Tuesday, August 4, 2015
Having safe, well-maintained roads and bridges is one of the most basic requirements of a healthy economy. Oklahoma is at the intersection of three major interstate highways, and we rely on a modern, functional and uncongested infrastructure system to transport an enormous quantity of goods across our borders every day. Businesses choose to locate and expand where employees can come and go easily and where they can get their goods to market. Tourists visit (and spend money at) convenient locations that are easily accessible. For commuters, well-maintained roads are a quality-of-life-issue as well as an everyday necessity.
For all those reasons, when I first took office over five years ago I asked Secretary of Transportation Gary Ridley to put in place an aggressive plan to improve and modernize our transportation infrastructure.
That plan began with a commitment to dramatically increasing resources for the Department of Transportation (ODOT), which our Legislature delivered. Since 2011, Oklahoma has invested more than $1.6 billion to repair our crumbling state highway bridges. That investment has paid off; the number of structurally deficient highway bridges has been reduced from 706 bridges at the beginning of 2011 to an estimated 372 at the end of 2014.
ODOT’s current eight-year plan is the most aggressive transportation improvement plan in state history.

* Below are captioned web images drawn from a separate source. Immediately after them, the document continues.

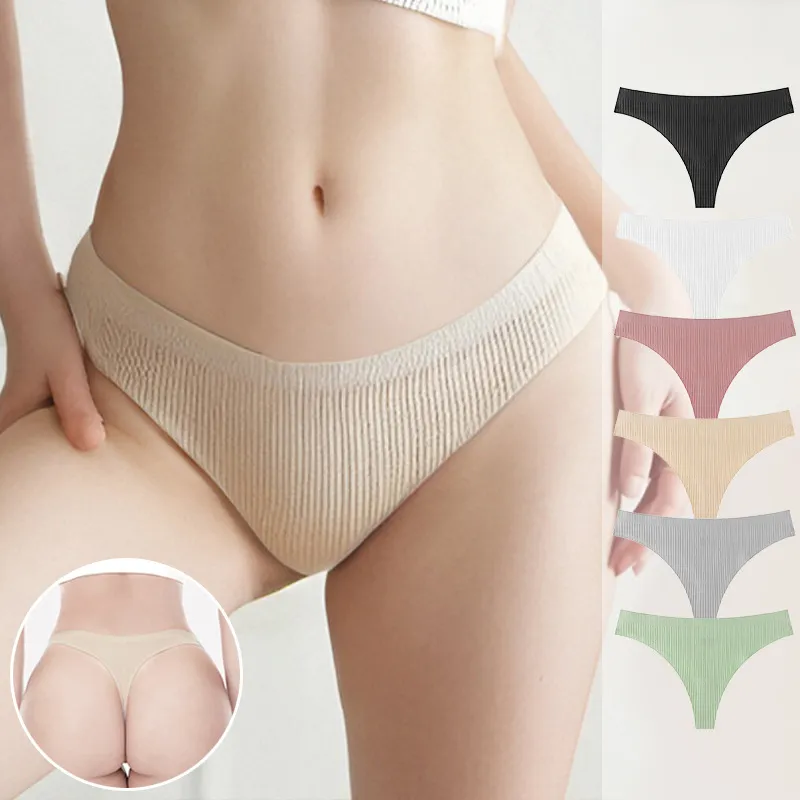 Nahtlose Gerippte Damen Thong Atmungsaktiv Niedrige Taille Nylon Baumwolle Schritt T-Back Unterhose Alltagskomfort Einfarbig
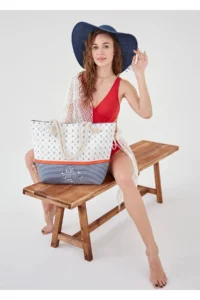 MENUSE ÇANTA Women Beach Bag (Zippered)-with anchor - Image 3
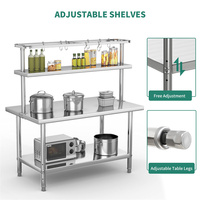 Buffet commercial en acier inoxydable Table de préparation des aliments avec étagère supérieure Double pont Restaurant banc de travail avec sous étagère usine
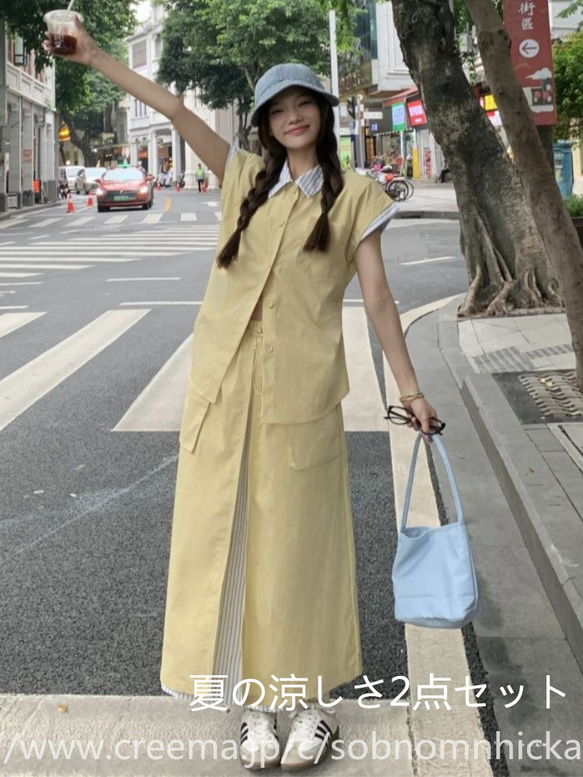 上着+キュロットパンツを組み合わせた服装 ， 簡単な， 日常の通勤  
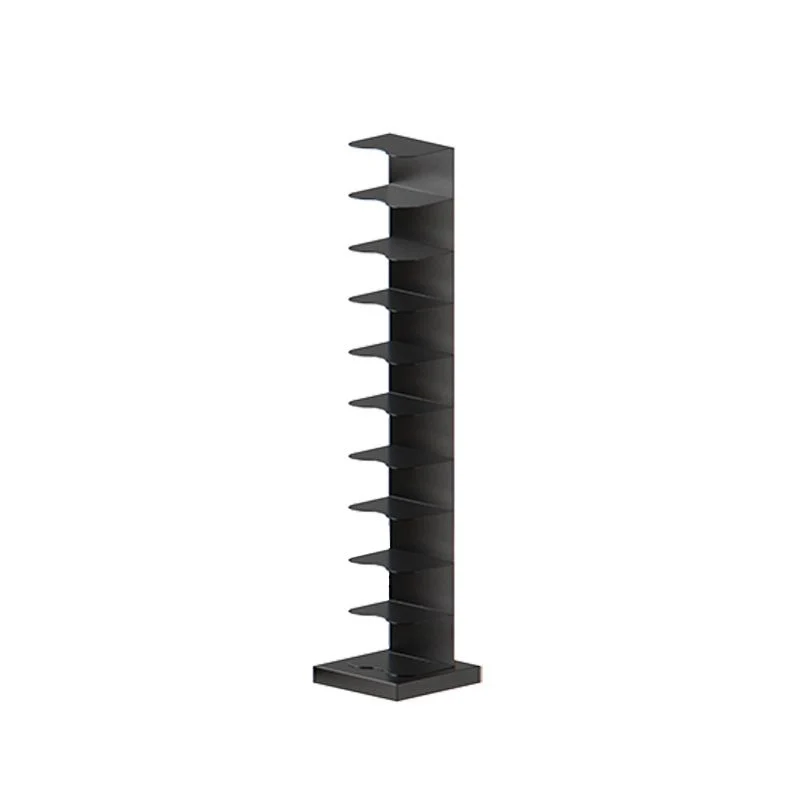 Melkwit and Black Corner Bookshelf Closed Back Contemporary Iron Bookshelf White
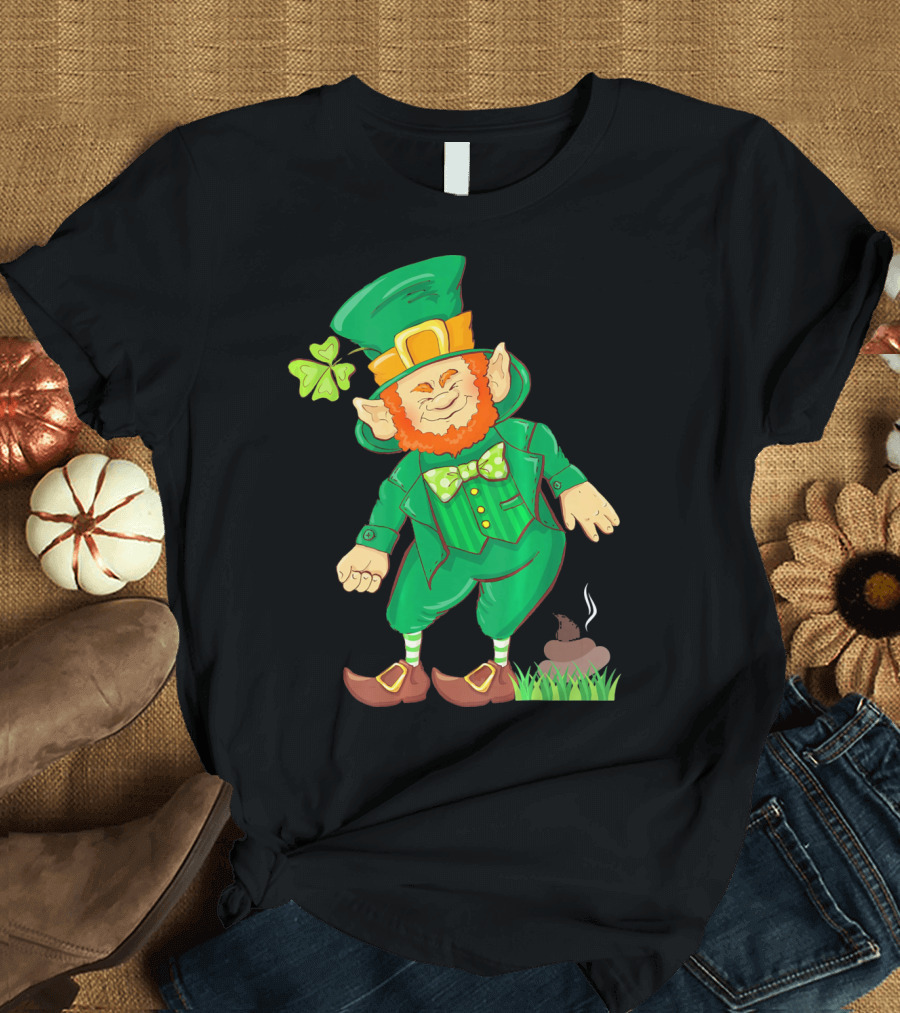 St Paddy Pooping Leprechaun Funny Saint Patrick's Day Humor T-Shirt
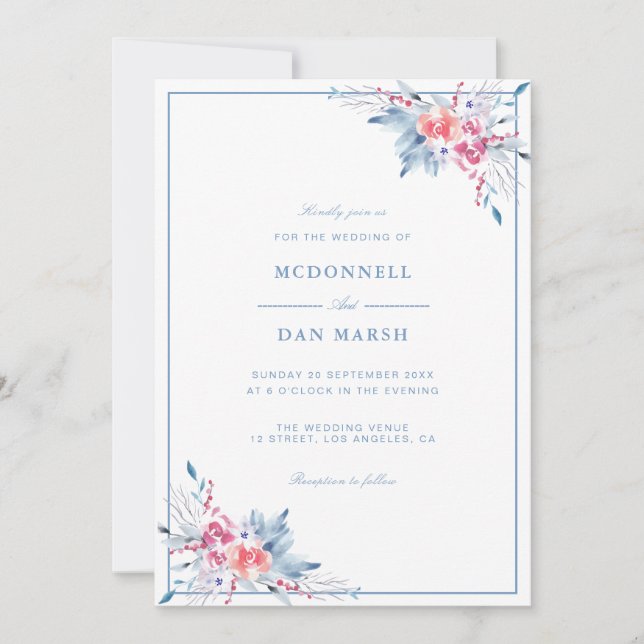 Invitation Jardin d'été Aquarelle Mariage floral (Devant)
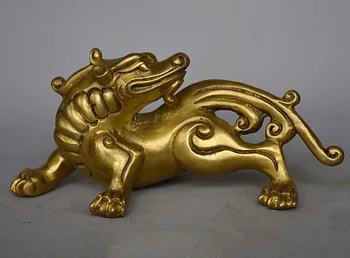 

China FengShui Pure Brass exorcise evil spirits Animal Tilted head Beast Statue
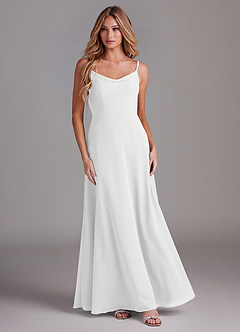 Azazie Daenerys Bridesmaid Dresses White A-Line Cowl Chiffon Dress image3
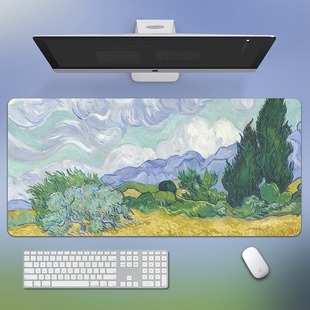风景油彩画鼠标垫梵高超大号办公书桌垫加厚锁边电脑键盘垫滑鼠垫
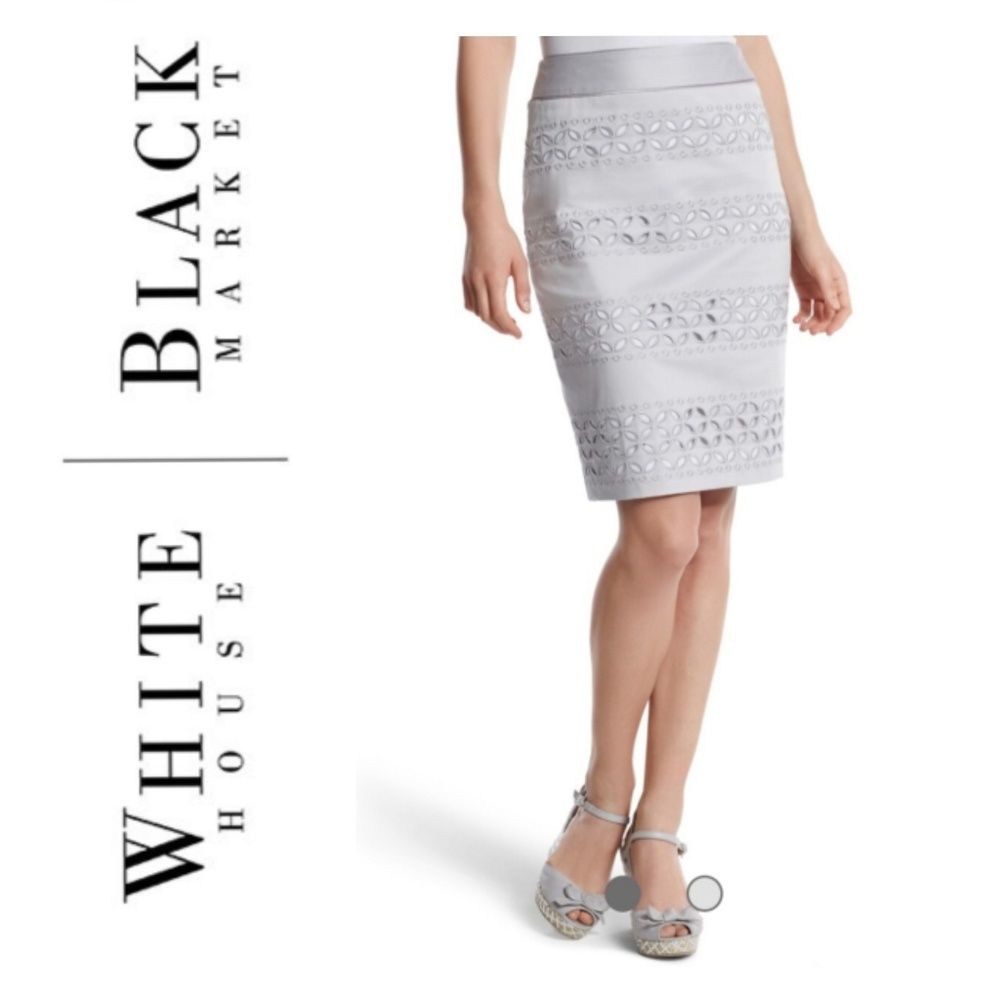 White House Black Market Grey Pencil Skirt Sz 8
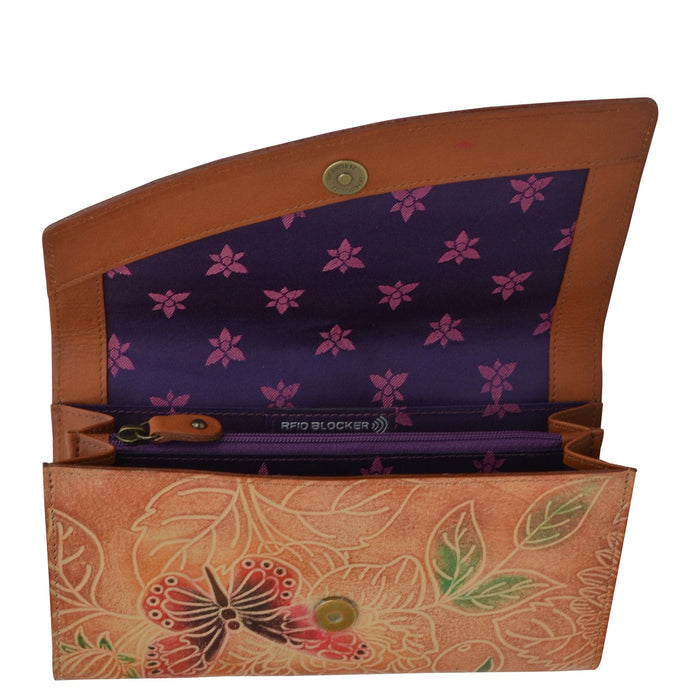 Leather Hand Painted Accordion Flap Wallet - Tooled Butterfly Multi (1174)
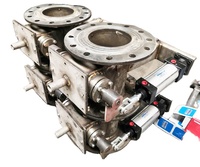 Nouvelle vanne pneumatique à double clapet en acier inoxydable DC 24V pour poudre chimique corrosive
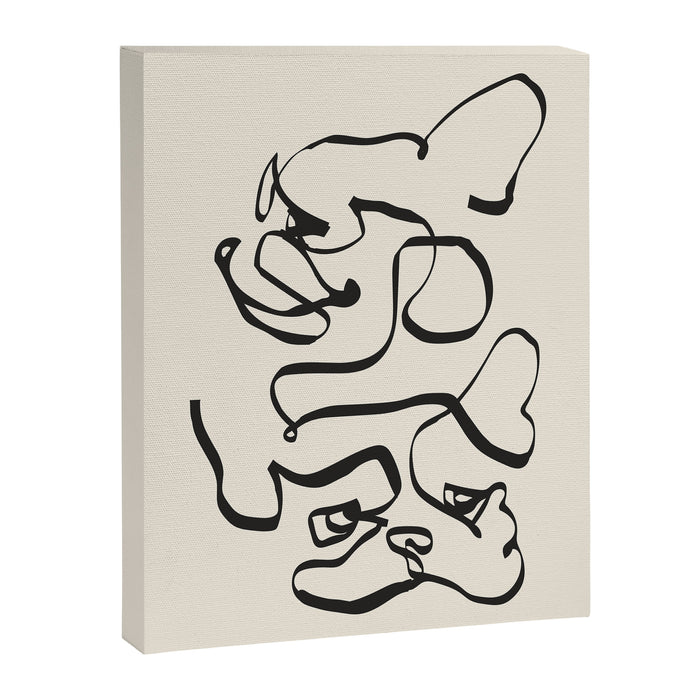 Abstract line frenchie Canvas Print Gallery Image 1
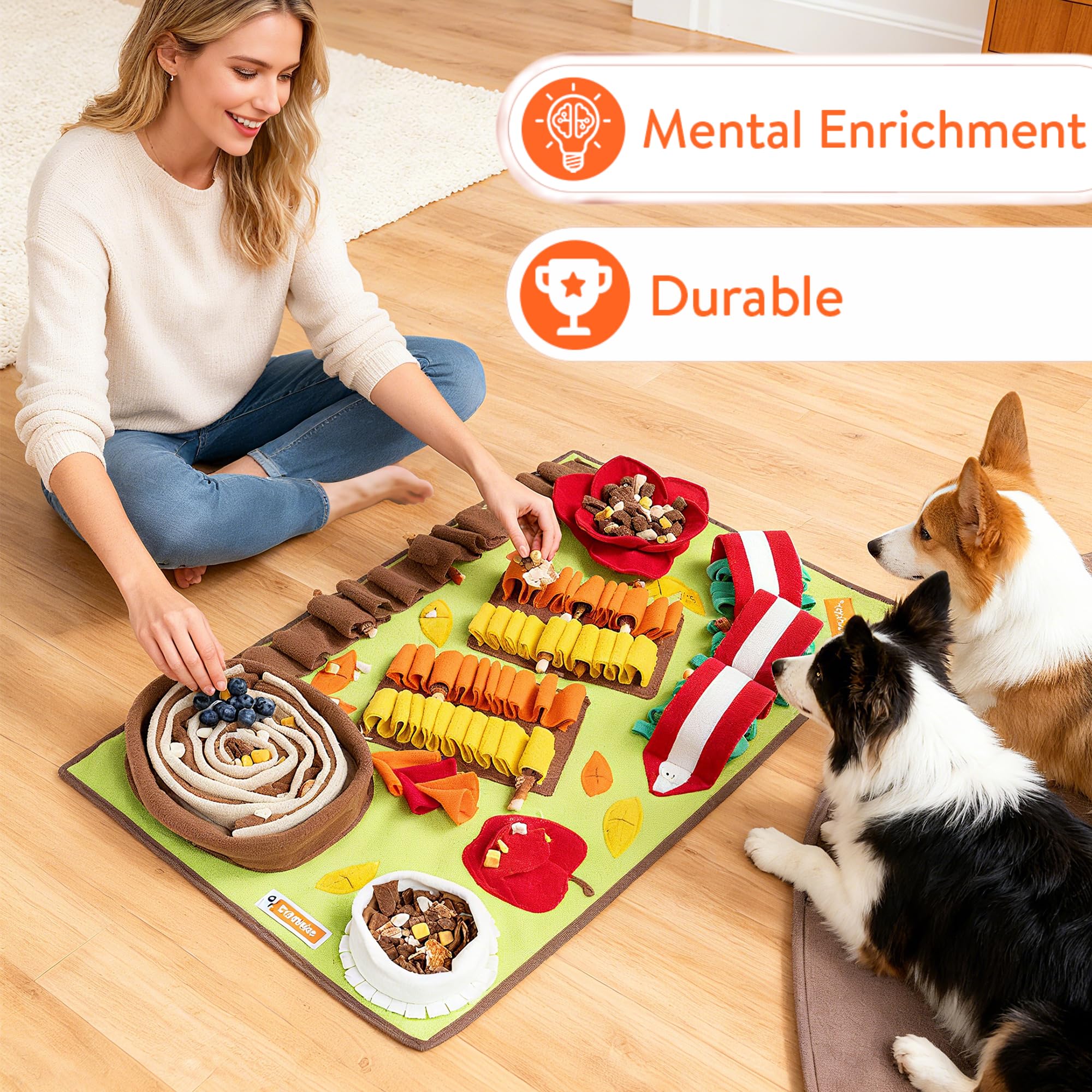 Pettain Snuffle Mat for Dogs - Interactive Dog Puzzle Toy for Mental Stimulation & Enrichment 32x20 Small & Large Breeds, Washab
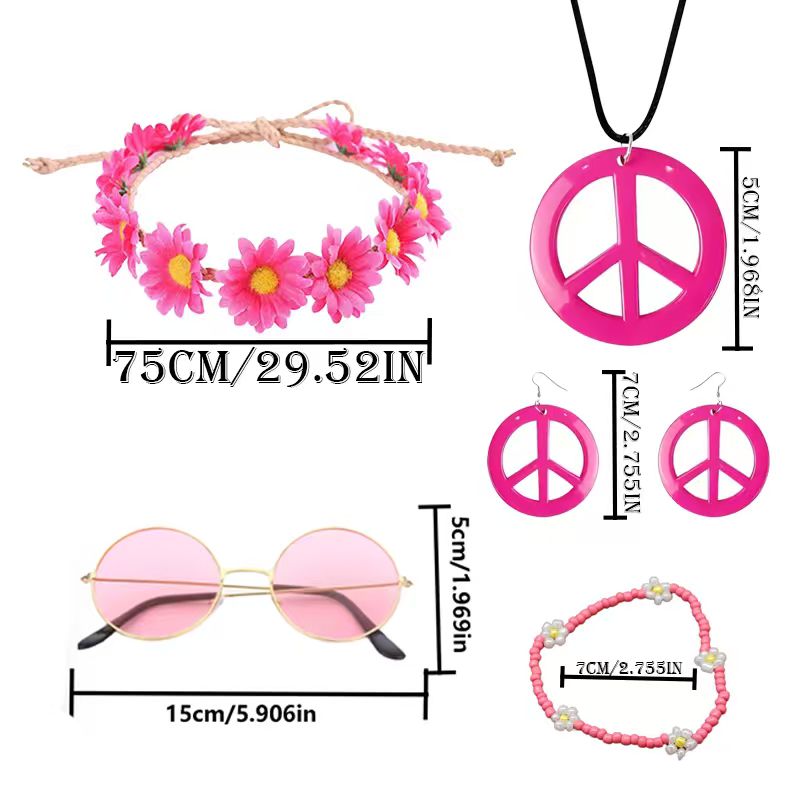 PESENAR Hippie Costume Accesso – обзор и цена Women'S Accessories In The 60S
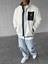Erkek Oversize Peluş Mont Sweatshirt Ceket Beyaz 1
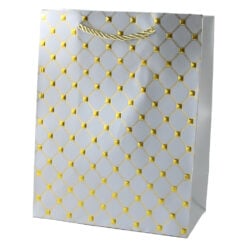 Punga cadou din hartie 18 x 23 cm cu decor auriu
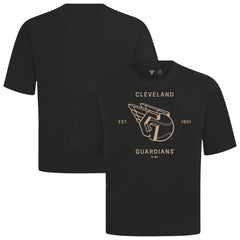 Cleveland Guardians Levelwear Crossway Oversized Luxe Signature Knit T-Shirt - Black T-shirts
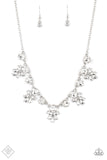 Prismatic Proposal - White Necklace - Paparazzi Accessories Necklace Bedazzle Me Pretty Mobile Fashion Boutique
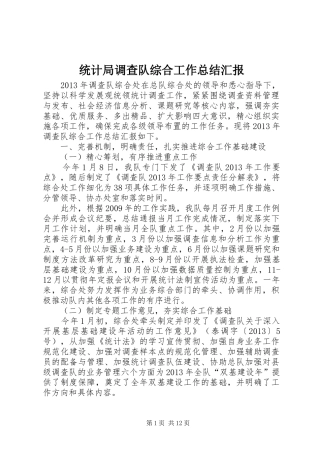 统计局调查队综合工作总结汇报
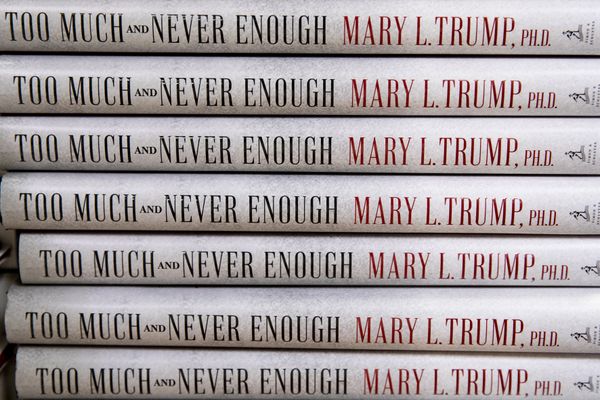 Op deze foto zie je het boek "Too Much and Never Enough: How My Family Created the World's Most Dangerous Man' by Mary Trump" van de nicht van presidetn Trump.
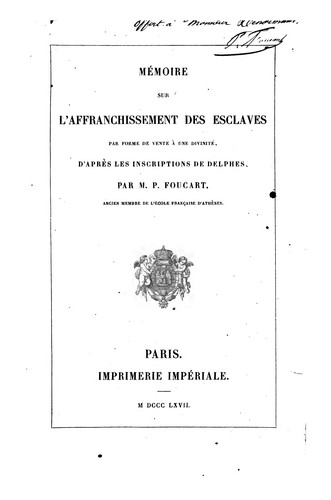 Mémoire sur l'affranchissement des esclaves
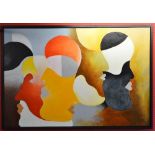 Unsigned oil on canvas abstract of faces - in a black painted wooden frame 72" x 48.5" Please note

The plan includes almost 2,000 projects, including hundreds of bridge repairs, 657 miles of work on two-lane highways and 552 miles of repair and modernization on high-volume highways and interstates.
Our eight-year plan is fully funded and the work is on track. Some have pointed to minor cuts to this year’s ODOT budget and the county road and bridge fund (“CIRB”), necessary because of a downturn in the energy sector and a significant budget shortfall, as a signal the state is backing off its commitment to statewide road and bridge improvements. Nothing could be further from the truth. While many agencies took small cuts this year, the fact of the matter is that state transportation funding in Oklahoma has tripled since 2005. Additionally, legislation passed in 2012 locks the state into large investments in road and bridge projects.
It is true this summer’s bad weather, especially flooding, has added additional challenges to achieving our infrastructure goals. Many roads on both the state and county level were washed out or severely damaged. However, both ODOT and its partners at the Department of Emergency Management worked quickly to apply for and secure federal assistance from the Federal Emergency Management Agency. Currently, 59 counties have been approved for federal and state grants that will cover over 90 percent of the costs of any infrastructure damage.
Work in flood-damaged areas is ongoing, and so far almost $28 million in emergency contracts on the state and county systems have already been identified and are being expedited. In some counties, transportation infrastructure will actually improve because of flood repairs and an influx of additional federal resources.
Ultimately, the biggest hurdle to continuing road and bridge improvements is the passage of a federal transportation and highway funding bill.
Oklahoma Senator Jim Inhofe has practically done the impossible, guiding a multi-year transportation bill through that U.S. Senate that makes significant and responsible investments in U.S. transportation. He should be applauded for his efforts.
It is now the House of Representatives’ responsibility to make quick progress on this issue and ensure the great work being done on the state level can continue with the appropriate federal support.